0円で生きる 小さくても豊かな経済の作り方

 

0円で生きる: 小さくても豊かな経済の作り方

0円で生きる: 小さくても豊かな経済の作り方

 

 

 メルカリで売られている本書を見て、興味がわき読んでみた。

 

 ここ数年にわたって、モノを所有する文化から、共有する文化へと舵が切られている。

 車もそうだし、家もそう。ウーバーやAirbnbなどをはじめとするサービスを使えば、手軽に車や家を安い値段で共有できる。

 

 本書は、お金への依存度を下げるために、0円で利用できるさまざまなサービスが紹介されている。

 

 0円でモノをあげたりもらったりすることができるサイトで有名なのは「ジモティー」だ。ジモティーはモノだけでなく、サービスのやりとりもできる。

 

 本のなかで不要品見本市の情報も載っていた。路上で数人の人がシートの上に不要品を並べて、欲しい人はそれらをタダで持っていっていい。面白いのは、この空間が一つのコミュニティとして機能していることだと筆者は言う。

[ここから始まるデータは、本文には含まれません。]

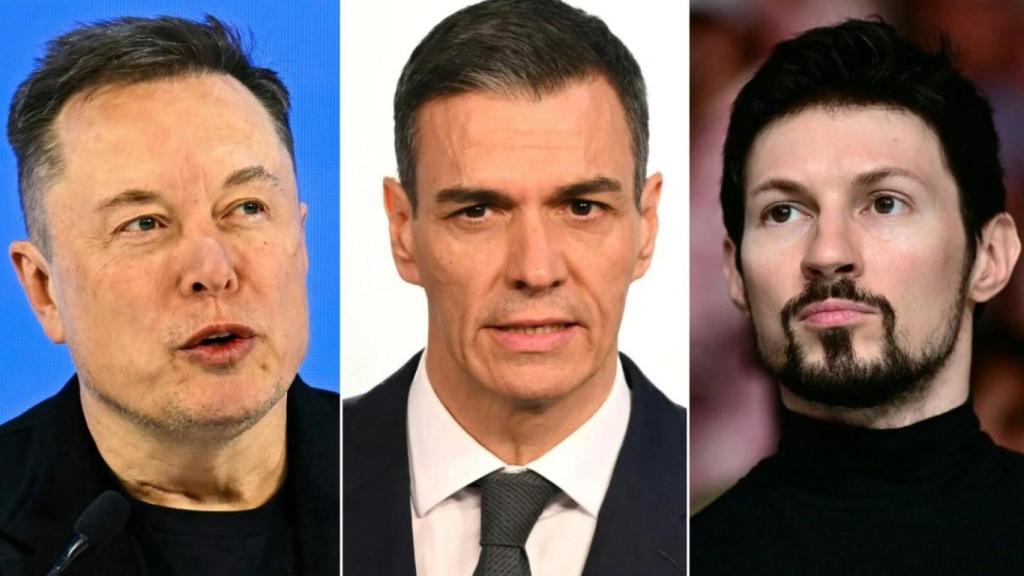 Elon Musk, Pedro Sánchez y Pável Durov.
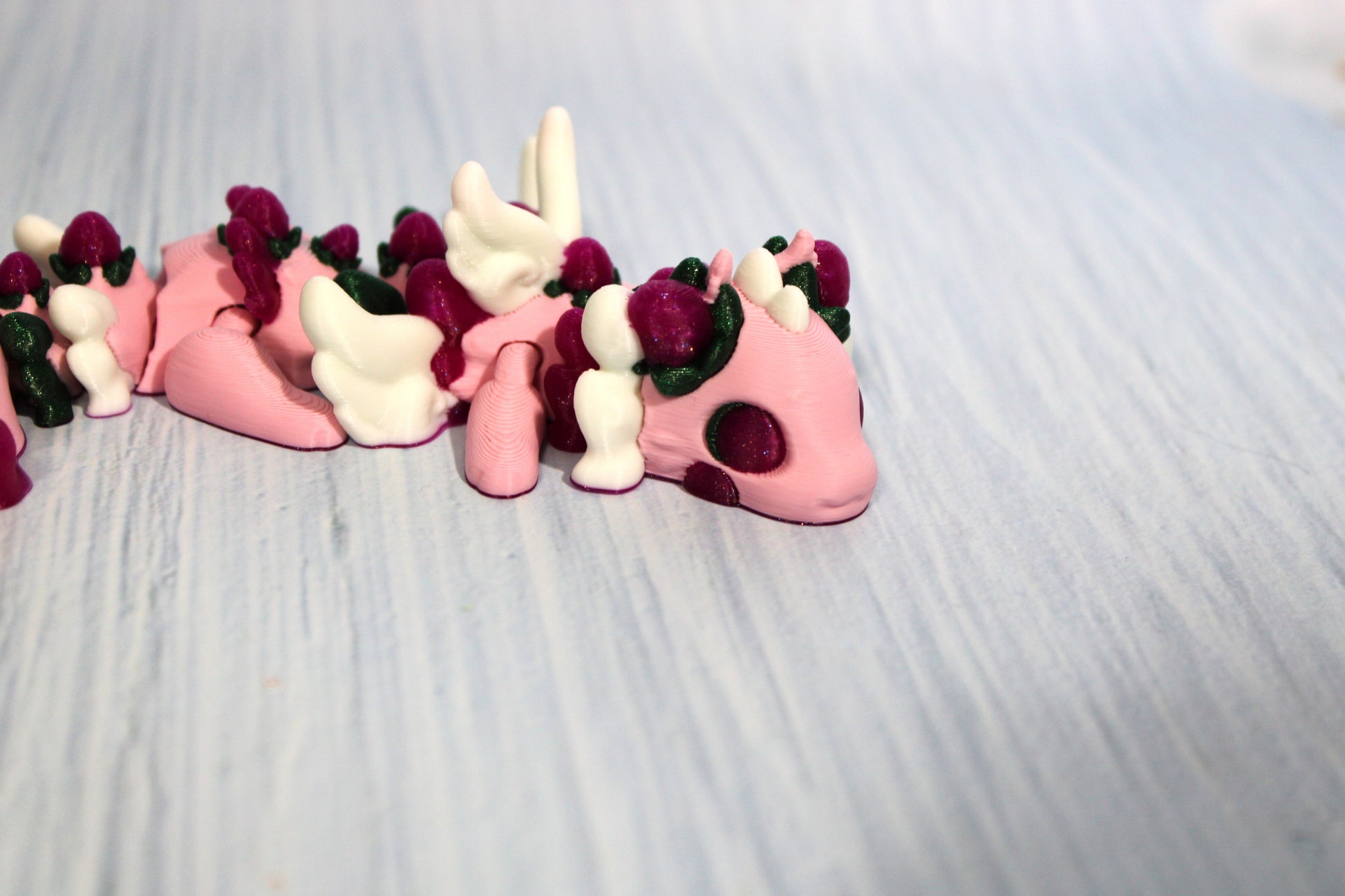 Strawberry Dragon 6" Long with Straw Buddy Options - Wonderland 3D Printing 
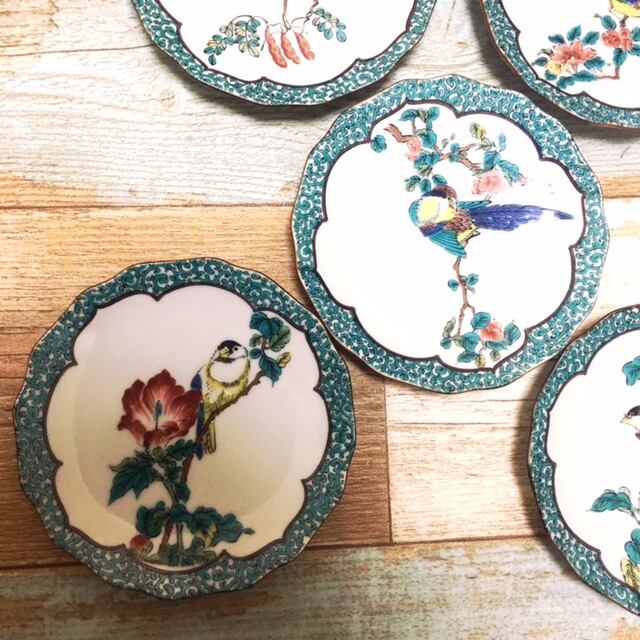 時代 九谷 銘々皿5客 幅約15㎝ 東Y7-0404①タルサ 時代 九谷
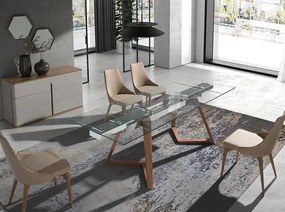 Comoda cu 6 sertare furnir din lemn de nuc si MDF lacuit, Anna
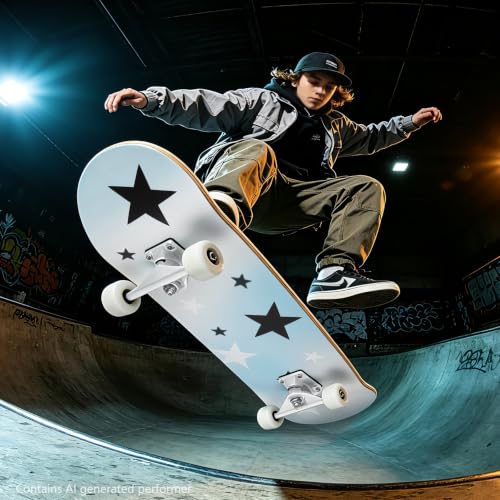 31 Inch Complete Skateboard, 8-Layer Canadian Maple Double Kick Concave Deck, Trick Skateboard for Beginners Kids Teens Adults – Image 6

 東京にある「くるくるひろば」という店は興味深いなぁと思った。ここにはいろいろな人の不要品が置かれていて、いらないものを持ってくるのも、あるいは持ち帰っても自由だ。店番は20人くらいのボランティアがて交代制で務めているという。

 

 あと、「拾う」という章でのごみ問題も興味深かった。

 なんとなく知っていたけど、スーパーやレストランから出る食品廃棄問題は相当深刻だと感じた。

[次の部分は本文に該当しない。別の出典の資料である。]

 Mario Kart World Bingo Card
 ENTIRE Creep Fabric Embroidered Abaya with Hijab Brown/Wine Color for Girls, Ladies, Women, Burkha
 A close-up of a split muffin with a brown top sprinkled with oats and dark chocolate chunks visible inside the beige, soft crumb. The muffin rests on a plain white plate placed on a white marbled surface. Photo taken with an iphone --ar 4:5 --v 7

 都心のゴミについてのレポートでは、お菓子やその原料となる生地や生クリームが毎日大量に捨てられているという。牛丼チェーンでは、50人分の牛丼パックが捨てられていたこともあるという。

 食べ物だけでなく、靴や酒、まだ使えるコピー機などさまざまなものが捨てられているそうだ。非常にもったいない話である。

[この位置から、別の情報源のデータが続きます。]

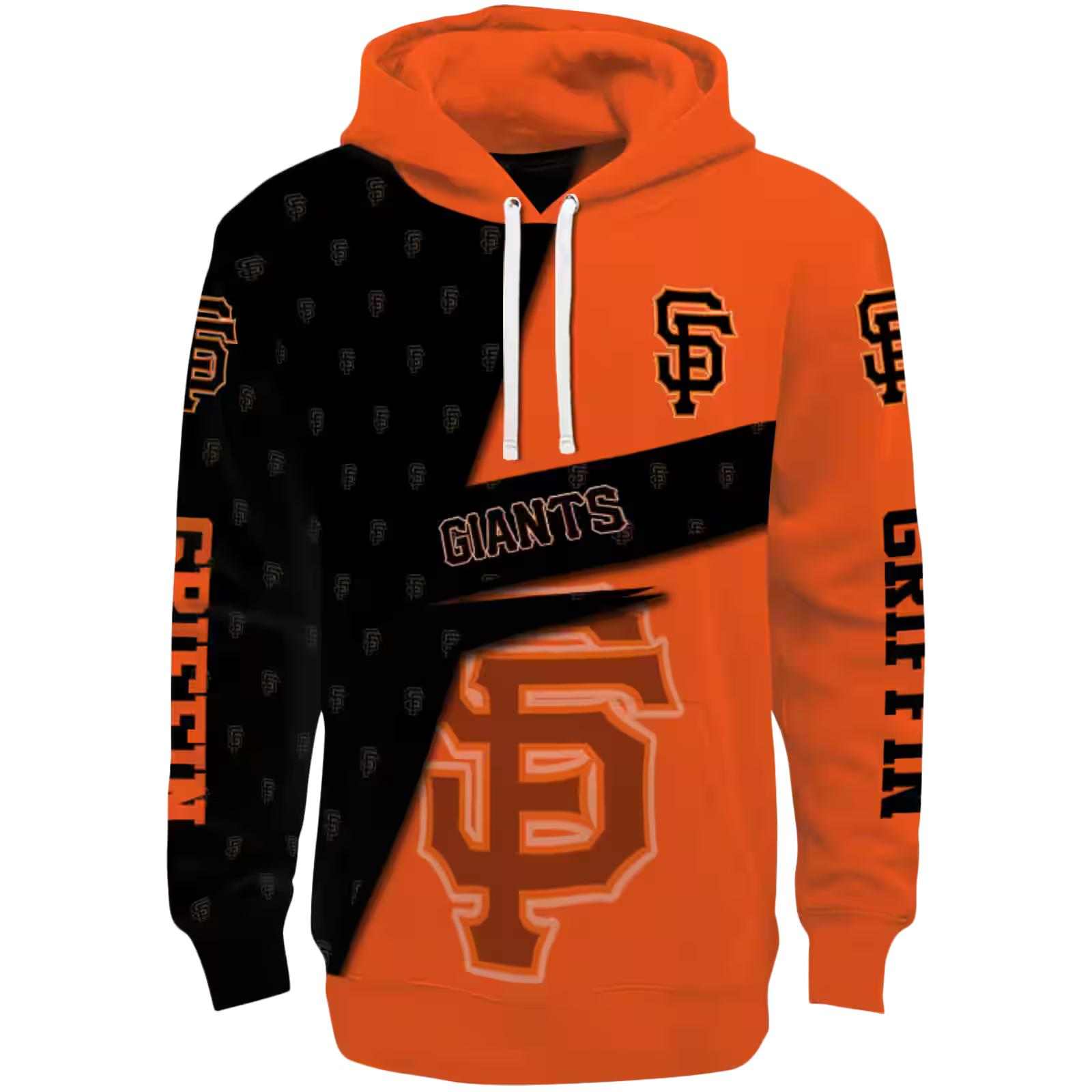 Personalized San Francisco Giants Abstract Shape Orange Hoodie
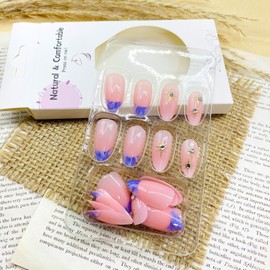 LWTZLW Purple French Tip Press on Nails with Rhinestones Medium Almond Fake Nails French Tip Full Cover Glue On Nails Oval Acrylic False Nail Glossy Artificial Nail Reusable for Women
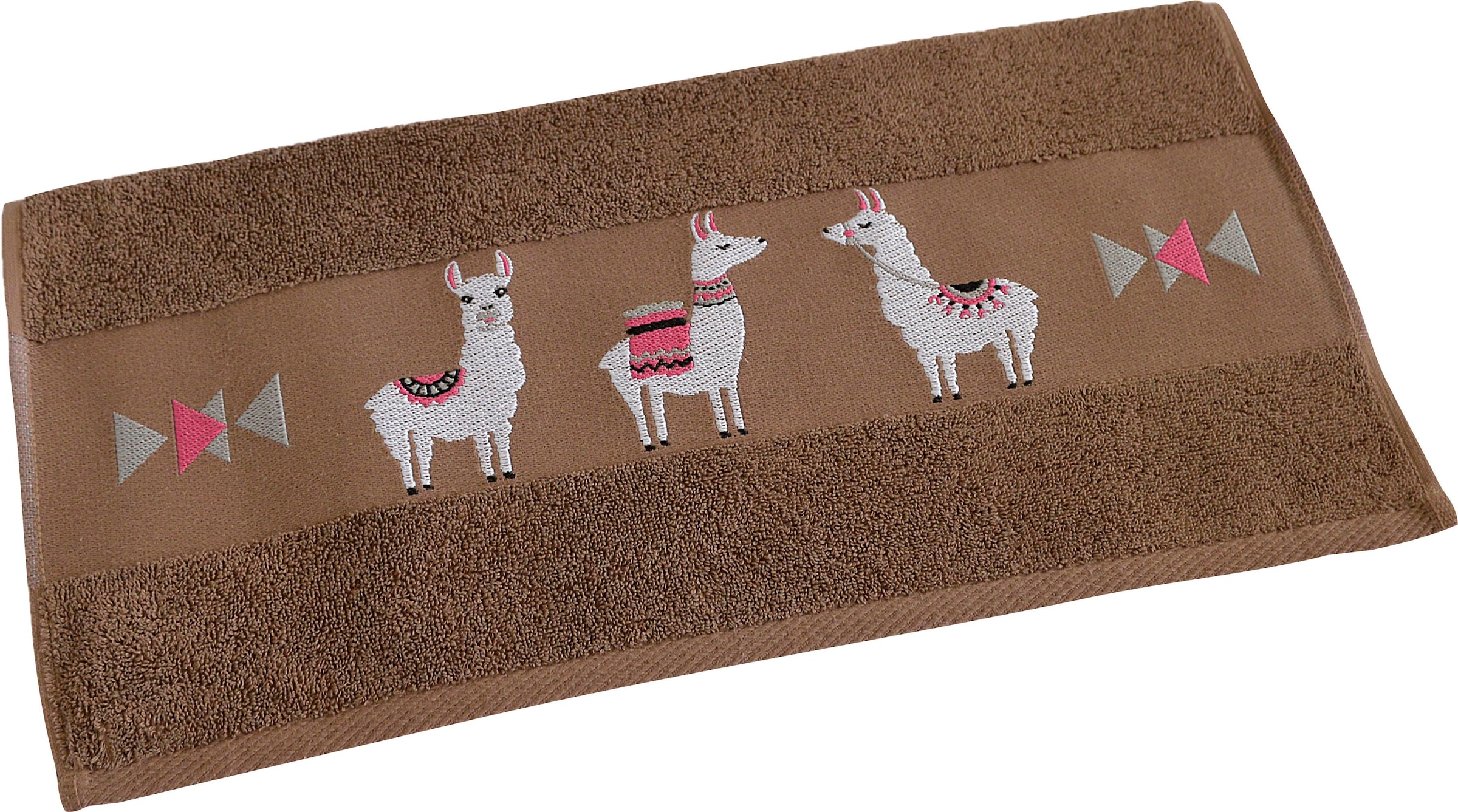 Dyckhoff Set de serviettes »Lama« 3 cuis Frottee en feutre avec bordure lama ; 2 serviettes (50x100cm), 1 serviette de douche (70x140cm)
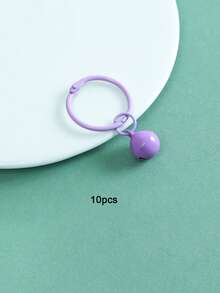 10/20 piezas anillos de llavero de campana de aleación de zinc esmaltada de colores, estilo Ins, anillos de llavero divididos, accesorios para hacer colgantes de manualidades con cuentas Perler, dijes para bolsos - Llavero con forma de campana pintada - Ver 20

 普段お金を出して買っているものが、裏では大量にゴミとして捨てられていると思うと、「なんだかなー」と思ってしまう。

 

 野菜を育てることにも言及されていた。

 ネギは、根のほうから10センチほどを切りとり、土に埋めておくだけで葉が生えてくる。うまくいけばこれだけで数年間ネギを買わずにすむ。

 

 ニンニクは房ごとに分けて土に埋めておけばそこから芽が出る。

 

 ミョウガは日陰に植えておけば、手入れ不要で手に入る。

 

他にも、0円で利用できるサービスがいろいろと書かれているが知っていることが多かったので割愛。

 

 

感想

 この前エコリングの社長が出ているテレビ番組を見ていたら、社長がこんなことをしゃべっていた。

 

 「豊かに生きようと思ったら、収入を増やすか、支出を抑えるかのどちらかしかない」

 

 本書は後者のやりかたを教えてくれる。

 僕はお金を稼ぐ能力も意欲も乏しいので、支出を抑える方法を模索している。そういう意味で、本書はためになる情報がけっこう載っていた。

 

 個人的には、もっとたくさんの人が、収入を増やすよりも、支出を抑える生活を目指すべきだと思っている。

 その理由は、

・今後AIの普及やグローバル化で、収入を増やすことが困難になるから

・支出を抑える生活のほうが、環境のためになるから

 

 多くの人がモノやサービスを共有して支出を抑える生活をしたほうが、環境のためになる。それだけ消費されるモノも少なくなるのだから。

 

 シェアする文化がもっともっと拡がっていけばいいなぁ。